▶ [SUPPLIED DATA]:
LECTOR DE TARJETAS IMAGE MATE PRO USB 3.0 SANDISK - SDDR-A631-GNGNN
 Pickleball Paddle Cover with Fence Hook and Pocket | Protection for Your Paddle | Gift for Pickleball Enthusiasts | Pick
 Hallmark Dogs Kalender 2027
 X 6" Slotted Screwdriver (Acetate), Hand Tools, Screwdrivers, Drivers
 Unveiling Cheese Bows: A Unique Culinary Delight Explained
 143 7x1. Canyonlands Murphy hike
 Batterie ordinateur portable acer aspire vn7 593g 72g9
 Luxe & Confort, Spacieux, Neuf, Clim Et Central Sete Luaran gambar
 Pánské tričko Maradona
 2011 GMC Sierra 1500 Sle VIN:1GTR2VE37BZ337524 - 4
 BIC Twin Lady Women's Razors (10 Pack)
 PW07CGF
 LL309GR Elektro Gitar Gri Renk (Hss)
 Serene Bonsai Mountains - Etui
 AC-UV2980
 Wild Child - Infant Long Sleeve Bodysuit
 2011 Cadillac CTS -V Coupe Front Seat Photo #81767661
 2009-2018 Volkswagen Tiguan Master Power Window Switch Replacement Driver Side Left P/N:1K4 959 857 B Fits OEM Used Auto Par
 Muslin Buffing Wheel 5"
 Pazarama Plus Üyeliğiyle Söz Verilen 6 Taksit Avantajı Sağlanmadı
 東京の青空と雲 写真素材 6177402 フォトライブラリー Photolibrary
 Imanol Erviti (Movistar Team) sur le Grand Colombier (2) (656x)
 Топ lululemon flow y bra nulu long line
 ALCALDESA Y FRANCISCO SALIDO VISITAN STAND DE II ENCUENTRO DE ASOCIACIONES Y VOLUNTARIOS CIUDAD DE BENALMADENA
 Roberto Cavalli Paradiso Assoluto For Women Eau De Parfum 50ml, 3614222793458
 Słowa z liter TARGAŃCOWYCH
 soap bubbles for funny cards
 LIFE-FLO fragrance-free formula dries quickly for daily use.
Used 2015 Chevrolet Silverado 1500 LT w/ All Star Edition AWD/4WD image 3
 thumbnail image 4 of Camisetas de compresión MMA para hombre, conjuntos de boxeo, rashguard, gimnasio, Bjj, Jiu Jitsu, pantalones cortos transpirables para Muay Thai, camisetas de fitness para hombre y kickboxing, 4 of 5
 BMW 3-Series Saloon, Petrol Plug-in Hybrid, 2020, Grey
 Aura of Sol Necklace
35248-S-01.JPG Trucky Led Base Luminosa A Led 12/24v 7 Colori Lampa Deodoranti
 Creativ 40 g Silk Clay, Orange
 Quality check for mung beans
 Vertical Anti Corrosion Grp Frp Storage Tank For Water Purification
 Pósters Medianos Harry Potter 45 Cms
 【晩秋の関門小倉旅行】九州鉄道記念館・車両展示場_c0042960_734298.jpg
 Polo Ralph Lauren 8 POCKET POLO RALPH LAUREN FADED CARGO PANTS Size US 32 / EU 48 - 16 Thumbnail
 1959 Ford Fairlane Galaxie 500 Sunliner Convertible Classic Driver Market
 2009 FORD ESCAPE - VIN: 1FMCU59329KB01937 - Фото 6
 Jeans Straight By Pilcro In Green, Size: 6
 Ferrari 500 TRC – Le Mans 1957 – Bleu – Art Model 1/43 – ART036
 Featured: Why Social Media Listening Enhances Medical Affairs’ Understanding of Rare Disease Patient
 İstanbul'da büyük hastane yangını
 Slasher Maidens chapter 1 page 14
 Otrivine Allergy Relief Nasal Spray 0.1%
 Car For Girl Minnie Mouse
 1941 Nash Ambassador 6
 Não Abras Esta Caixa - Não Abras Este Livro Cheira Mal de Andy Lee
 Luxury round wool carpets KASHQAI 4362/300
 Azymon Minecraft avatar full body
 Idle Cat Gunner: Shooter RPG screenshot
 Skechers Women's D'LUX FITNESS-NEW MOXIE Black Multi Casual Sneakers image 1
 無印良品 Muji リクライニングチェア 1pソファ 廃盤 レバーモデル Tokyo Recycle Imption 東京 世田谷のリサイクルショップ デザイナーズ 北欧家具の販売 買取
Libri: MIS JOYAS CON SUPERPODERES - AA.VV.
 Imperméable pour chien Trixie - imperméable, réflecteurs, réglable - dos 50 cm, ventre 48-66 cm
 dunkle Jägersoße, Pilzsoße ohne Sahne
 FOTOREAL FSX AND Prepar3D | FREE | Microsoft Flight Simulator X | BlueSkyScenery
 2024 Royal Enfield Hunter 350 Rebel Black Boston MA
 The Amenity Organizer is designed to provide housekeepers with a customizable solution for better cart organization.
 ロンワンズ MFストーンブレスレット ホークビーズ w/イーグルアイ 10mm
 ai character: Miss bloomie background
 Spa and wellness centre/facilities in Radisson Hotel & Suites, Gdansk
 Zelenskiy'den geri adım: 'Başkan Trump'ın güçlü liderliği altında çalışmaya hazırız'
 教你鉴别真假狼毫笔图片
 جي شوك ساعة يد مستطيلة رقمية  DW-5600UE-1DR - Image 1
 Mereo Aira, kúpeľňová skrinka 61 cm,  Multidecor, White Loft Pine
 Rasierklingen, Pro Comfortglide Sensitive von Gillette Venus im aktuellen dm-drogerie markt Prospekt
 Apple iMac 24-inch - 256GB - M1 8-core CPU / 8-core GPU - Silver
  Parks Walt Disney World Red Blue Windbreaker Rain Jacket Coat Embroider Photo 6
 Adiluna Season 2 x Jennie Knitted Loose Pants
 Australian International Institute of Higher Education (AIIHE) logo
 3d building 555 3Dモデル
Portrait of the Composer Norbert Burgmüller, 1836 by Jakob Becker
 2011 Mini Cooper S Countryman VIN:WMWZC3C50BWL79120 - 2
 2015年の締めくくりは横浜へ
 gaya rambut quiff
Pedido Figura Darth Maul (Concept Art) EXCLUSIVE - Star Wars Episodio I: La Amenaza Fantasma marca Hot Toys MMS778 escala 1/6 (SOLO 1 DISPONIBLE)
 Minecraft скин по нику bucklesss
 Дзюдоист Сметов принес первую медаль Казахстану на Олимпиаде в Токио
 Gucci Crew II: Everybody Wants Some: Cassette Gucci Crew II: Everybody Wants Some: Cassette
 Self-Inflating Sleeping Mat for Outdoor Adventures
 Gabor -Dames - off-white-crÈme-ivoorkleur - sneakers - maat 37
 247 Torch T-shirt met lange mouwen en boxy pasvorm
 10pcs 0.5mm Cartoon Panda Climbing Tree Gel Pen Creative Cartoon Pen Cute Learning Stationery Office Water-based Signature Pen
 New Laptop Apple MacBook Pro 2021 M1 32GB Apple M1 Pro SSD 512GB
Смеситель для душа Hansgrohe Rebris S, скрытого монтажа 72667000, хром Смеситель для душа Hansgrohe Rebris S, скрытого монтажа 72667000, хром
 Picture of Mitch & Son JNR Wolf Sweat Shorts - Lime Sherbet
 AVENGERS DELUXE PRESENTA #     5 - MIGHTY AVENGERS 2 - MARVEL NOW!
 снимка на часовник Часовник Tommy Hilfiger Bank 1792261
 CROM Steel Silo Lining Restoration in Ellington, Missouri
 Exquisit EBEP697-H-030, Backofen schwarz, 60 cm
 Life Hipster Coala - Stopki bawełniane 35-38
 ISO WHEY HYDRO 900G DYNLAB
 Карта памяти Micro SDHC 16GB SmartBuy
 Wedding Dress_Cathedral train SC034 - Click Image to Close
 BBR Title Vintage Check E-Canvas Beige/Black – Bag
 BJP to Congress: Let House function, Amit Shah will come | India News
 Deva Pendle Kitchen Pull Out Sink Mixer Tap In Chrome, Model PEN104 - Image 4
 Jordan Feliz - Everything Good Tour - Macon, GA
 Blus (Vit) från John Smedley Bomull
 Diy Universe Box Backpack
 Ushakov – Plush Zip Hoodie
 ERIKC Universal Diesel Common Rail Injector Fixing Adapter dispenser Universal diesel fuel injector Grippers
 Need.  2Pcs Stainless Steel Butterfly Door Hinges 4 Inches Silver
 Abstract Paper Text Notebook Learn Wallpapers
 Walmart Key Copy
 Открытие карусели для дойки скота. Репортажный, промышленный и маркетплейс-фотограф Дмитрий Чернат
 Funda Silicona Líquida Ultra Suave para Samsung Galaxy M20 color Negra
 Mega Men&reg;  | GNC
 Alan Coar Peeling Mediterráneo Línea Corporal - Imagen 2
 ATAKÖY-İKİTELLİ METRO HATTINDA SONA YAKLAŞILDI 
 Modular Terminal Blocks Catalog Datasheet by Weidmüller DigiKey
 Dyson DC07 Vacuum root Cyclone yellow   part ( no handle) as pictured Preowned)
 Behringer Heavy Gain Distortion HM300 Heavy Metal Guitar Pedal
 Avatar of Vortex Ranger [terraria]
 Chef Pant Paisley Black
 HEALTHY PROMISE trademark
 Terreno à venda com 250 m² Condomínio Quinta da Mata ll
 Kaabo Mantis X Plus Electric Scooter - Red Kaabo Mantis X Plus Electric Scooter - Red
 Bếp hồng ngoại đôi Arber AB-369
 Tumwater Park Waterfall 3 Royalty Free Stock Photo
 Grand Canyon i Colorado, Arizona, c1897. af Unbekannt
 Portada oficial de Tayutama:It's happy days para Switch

▶ [DIRECTIONS]: Send back an exact copy of only the lines from the line with "Muslin Buffing Wheel" up to and including the line with "Топ lululemon flow y bra nulu long line" in the data above.

▶ [RESULT OF THE EXERCISE]:
 Muslin Buffing Wheel 5"
 Pazarama Plus Üyeliğiyle Söz Verilen 6 Taksit Avantajı Sağlanmadı
 東京の青空と雲 写真素材 6177402 フォトライブラリー Photolibrary
 Imanol Erviti (Movistar Team) sur le Grand Colombier (2) (656x)
 Топ lululemon flow y bra nulu long line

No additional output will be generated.